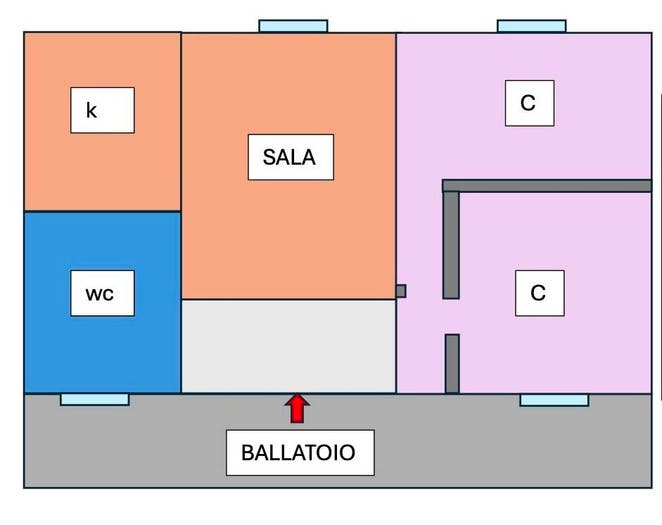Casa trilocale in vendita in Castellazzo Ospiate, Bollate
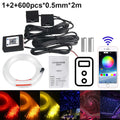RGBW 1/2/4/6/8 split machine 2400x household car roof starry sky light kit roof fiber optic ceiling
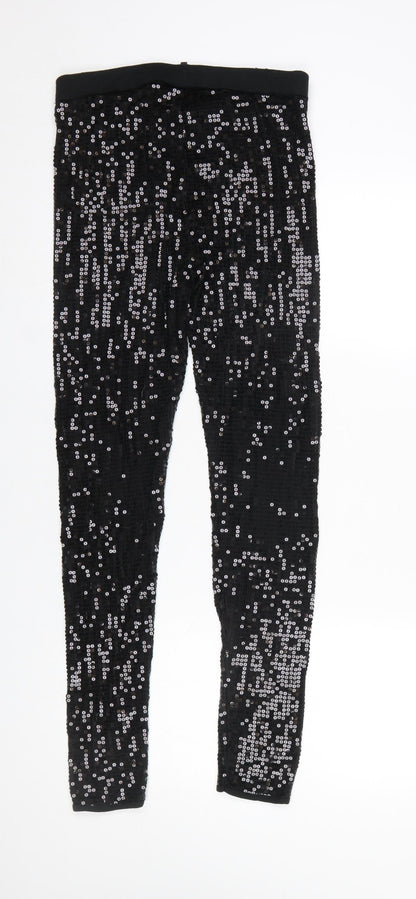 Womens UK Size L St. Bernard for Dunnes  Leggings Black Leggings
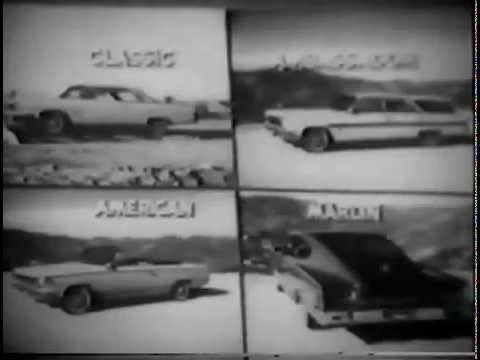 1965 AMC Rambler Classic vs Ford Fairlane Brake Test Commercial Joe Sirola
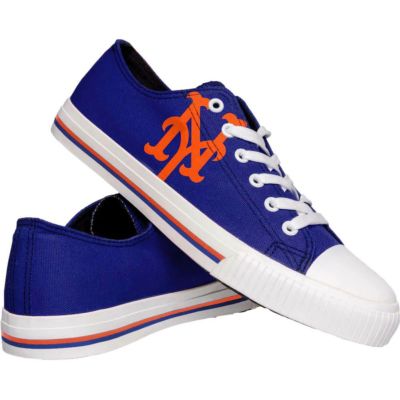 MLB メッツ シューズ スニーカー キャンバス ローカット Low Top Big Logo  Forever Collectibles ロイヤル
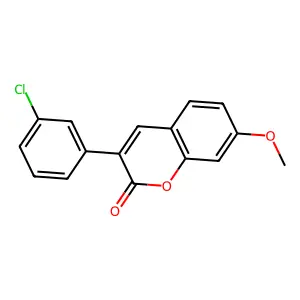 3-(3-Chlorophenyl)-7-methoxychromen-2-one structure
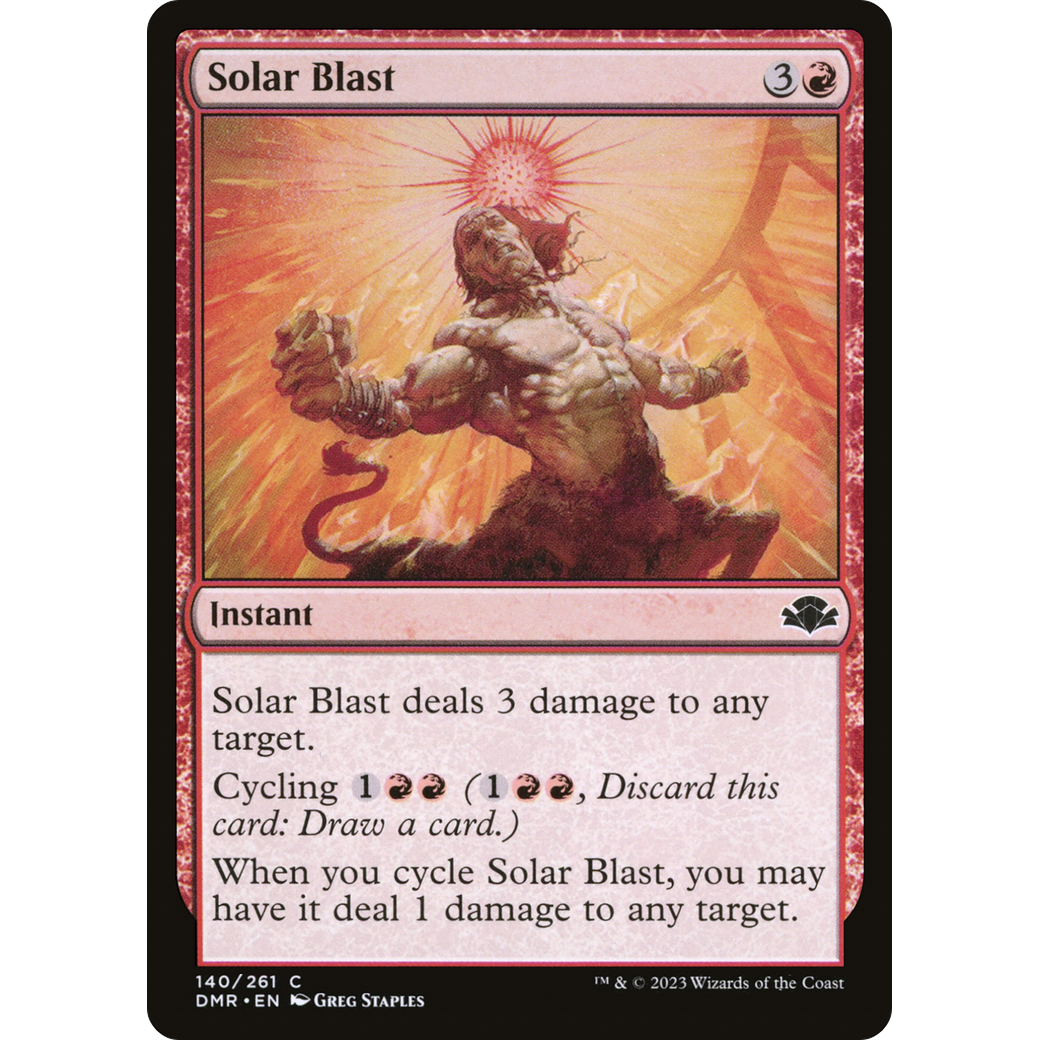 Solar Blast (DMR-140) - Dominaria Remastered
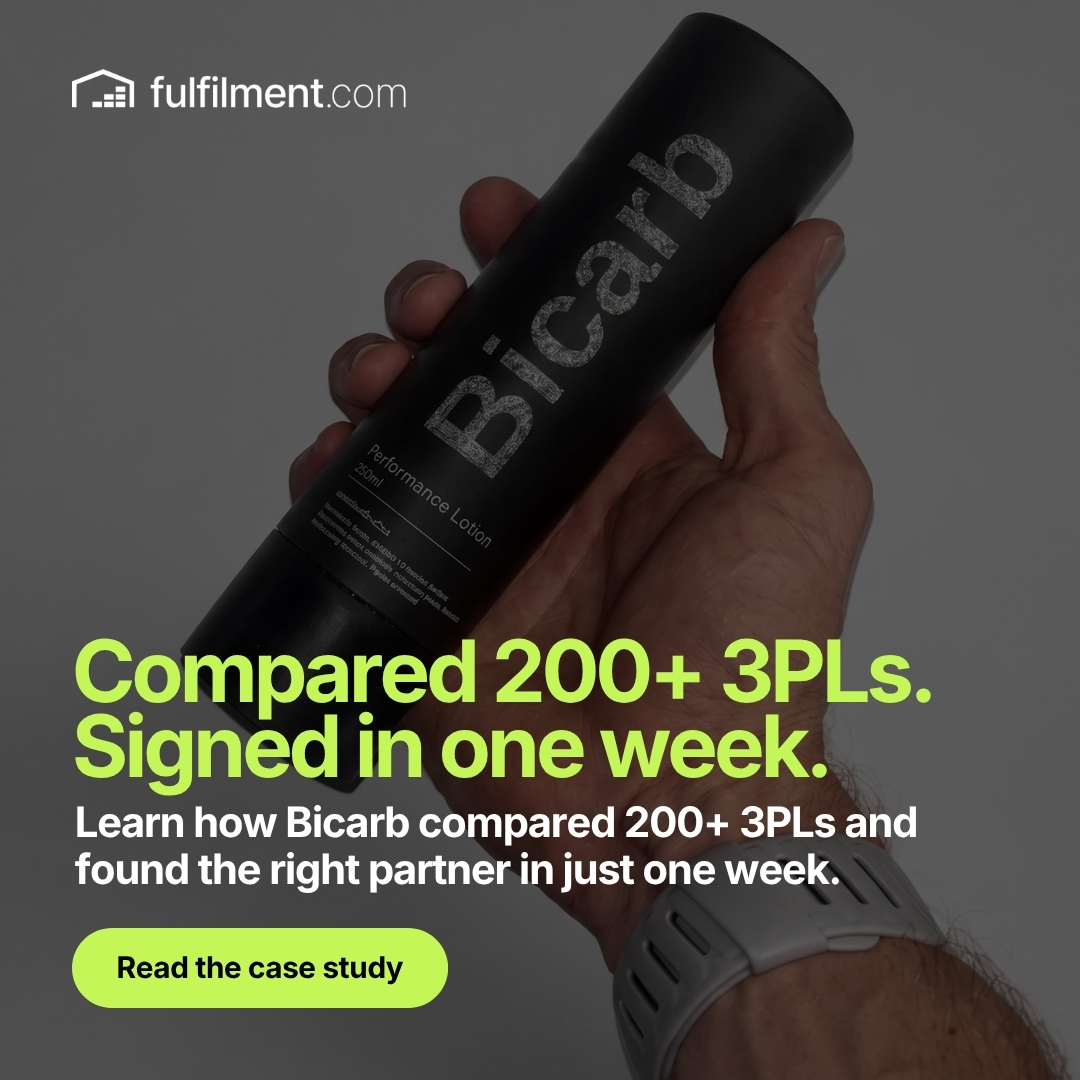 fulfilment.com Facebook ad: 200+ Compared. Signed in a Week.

§

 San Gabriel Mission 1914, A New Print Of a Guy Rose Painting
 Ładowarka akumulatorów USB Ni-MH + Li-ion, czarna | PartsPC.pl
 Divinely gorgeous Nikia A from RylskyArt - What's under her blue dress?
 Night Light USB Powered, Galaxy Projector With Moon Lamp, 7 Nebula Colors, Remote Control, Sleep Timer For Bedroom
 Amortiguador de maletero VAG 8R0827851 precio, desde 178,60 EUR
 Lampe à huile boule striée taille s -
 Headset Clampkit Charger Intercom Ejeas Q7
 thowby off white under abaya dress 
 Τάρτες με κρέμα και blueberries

§

WHAT TO WORK ON ▸
Scan the lines above for the word "dress" and copy every one where it occurs.

THE COMPLETED TASK ▸
 Divinely gorgeous Nikia A from RylskyArt - What's under her blue dress?
 thowby off white under abaya dress 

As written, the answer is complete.